In edit mode, you can perform,

enable or disable the dataset.
edit properties, filter, aggregation pipeline and schema.

To edit a dataset, click on the “Edit” icon under the “Actions” column corresponding the desired dataset.

The “Edit” panel will appear.

Edit as required and click on the “Save” button to save the changes. Click on the “Cancel” button to abort the action.

Download Dataset

The download allows exporting dataset’s settings in Datasets module into a .json file, for example, DayTest.dataset.json. To download a dataset, click on the “Download” icon under the “Actions” column corresponding to the desired dataset.

Delete Dataset

Delete function deletes a selected dataset in Datasets module, not delete the data.

To delete a dataset, click on the “Delete” icon under the “Actions” column corresponding the desired dataset.

There is an option to undo the deletion. A notification with an “Undo” button appears right after clicking on the “Delete” icon.

Upon clicking on the “Undo” button, the deleted dataset is restored and is added back to the list of dataset.

Refresh

After performing actions on the browser/tab, the list is reloaded to display the list of datasets in the page. The manual “Refresh” button is available and is particularly useful if you or others have opened multiple pages and making changes.

The “Refresh” button is found at the upper right corner of the page. Clicking on it reloads the list.

Search Dataset

The search function at the top left of Datasets module page, filters the dataset list retaining those with matching text.

This provides an easy way to search through the list of dataset. It is case-insensitive and displays the datasets that have the entered search value in any of the values of the fields below:

Name
Description
Source
Last Modified
ETag

Dataset Data

When adding or uploading a dataset, the dataset does not include the data, only the dataset “Definition”, including the schema. The data need to be imported into the dataset. There are two methods to import the data.

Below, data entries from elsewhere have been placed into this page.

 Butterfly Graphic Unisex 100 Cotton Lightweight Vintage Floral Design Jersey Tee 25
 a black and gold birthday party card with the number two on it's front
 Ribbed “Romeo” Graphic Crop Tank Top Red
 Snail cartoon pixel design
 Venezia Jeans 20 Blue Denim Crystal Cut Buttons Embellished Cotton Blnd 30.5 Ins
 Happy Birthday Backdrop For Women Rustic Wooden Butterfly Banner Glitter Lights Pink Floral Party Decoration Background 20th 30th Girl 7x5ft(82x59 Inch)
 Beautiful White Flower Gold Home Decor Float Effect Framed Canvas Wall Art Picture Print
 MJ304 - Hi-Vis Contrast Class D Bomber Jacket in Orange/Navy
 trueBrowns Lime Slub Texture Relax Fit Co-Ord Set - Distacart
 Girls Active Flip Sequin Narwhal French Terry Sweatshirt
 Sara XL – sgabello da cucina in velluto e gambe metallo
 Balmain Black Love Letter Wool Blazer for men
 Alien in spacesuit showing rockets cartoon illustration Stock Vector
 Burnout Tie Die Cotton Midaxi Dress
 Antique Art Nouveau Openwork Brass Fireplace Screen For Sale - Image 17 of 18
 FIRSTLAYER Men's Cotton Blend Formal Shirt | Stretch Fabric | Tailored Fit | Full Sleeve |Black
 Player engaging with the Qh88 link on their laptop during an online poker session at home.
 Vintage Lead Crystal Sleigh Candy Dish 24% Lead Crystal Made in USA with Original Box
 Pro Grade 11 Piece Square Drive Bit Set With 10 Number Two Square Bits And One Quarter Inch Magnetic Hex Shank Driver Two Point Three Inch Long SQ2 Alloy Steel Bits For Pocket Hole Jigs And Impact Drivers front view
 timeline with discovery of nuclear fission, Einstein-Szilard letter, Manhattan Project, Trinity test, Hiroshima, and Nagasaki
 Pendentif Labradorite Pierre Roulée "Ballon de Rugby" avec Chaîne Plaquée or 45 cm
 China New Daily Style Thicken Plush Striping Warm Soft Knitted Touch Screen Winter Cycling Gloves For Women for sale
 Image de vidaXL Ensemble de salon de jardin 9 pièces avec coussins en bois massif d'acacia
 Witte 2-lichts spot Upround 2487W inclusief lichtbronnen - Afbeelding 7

Import module - import the data , as well as creating the dataset (see Import module)
Repository module - generate data using ETL chainset with datasource already deposited in the module

Below is a simple method to use ETL chainset to generate and load the data into the dataset.

Create a ETL chainset with Generate DataSource and MongoDB Writer ETL steps.

In the first ETL step, key in the location of the datasource in the Repository module.

In the second step, key in the dataset to add the data into.

Click on the “Run Steps” icon at the upper right corner of the Steps column.

Check the data in the dataset using the Developer module.

You can combine Generate DataSource with a Dataset Endpoint ETL step if you want to wrap a datasource as a dataset. Hence you can se the datasource as a dataset as well.